Bedrock — Why AI Inference Never Hits the Public Internet

Every OpenAI, Anthropic, or Cohere API call your application makes traverses the public internet. The packet leaves your server, enters the public routing table, passes through multiple ISP hops, and arrives at the AI provider's data centre. At every hop, TLS provides confidentiality — but the provider still terminates TLS and processes your prompt in plaintext on their infrastructure. Your data is subject to their retention and training policies.
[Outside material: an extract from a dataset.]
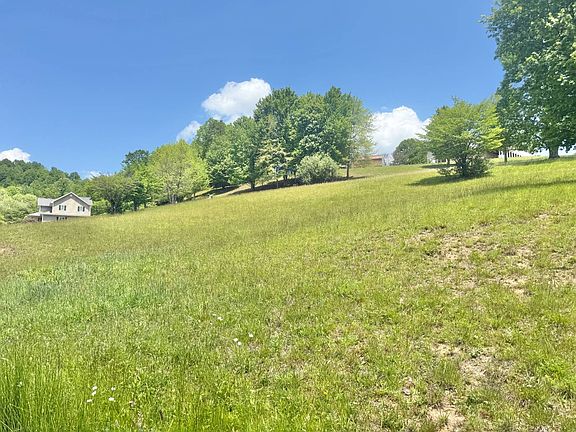 2nd image of 16 Deer Creek Ln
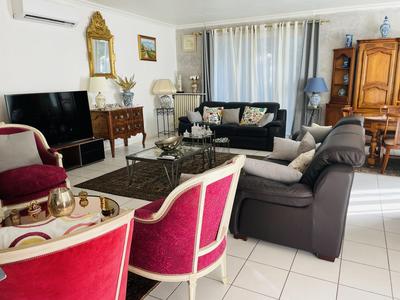 Maison - 196 m² - 5 pièces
Amazon Bedrock is fundamentally different. When a VegaRAG Fargate task calls Bedrock's API, the packet travels from the container's ENI through the VPC router, across AWS's private fibre backbone, and into the Bedrock service endpoint — all within the same AWS region, all on private infrastructure. The packet never enters the public internet routing table. This is equivalent to a private network call, not an internet API call.

Data residency
All inference stays within your selected AWS region. No data leaves the region boundary.
No training on your data
AWS contractually guarantees Bedrock prompts and responses are not used to train foundation models.
VPC routing
Traffic routes over AWS backbone fiber, not public internet. No TLS termination by third parties.
Audit trail
All Bedrock API calls are logged in CloudTrail with full request metadata. Queryable by security team.
Compliance
Bedrock is HIPAA eligible, SOC 1/2/3 compliant, and ISO 27001 certified — inherited by applications using it.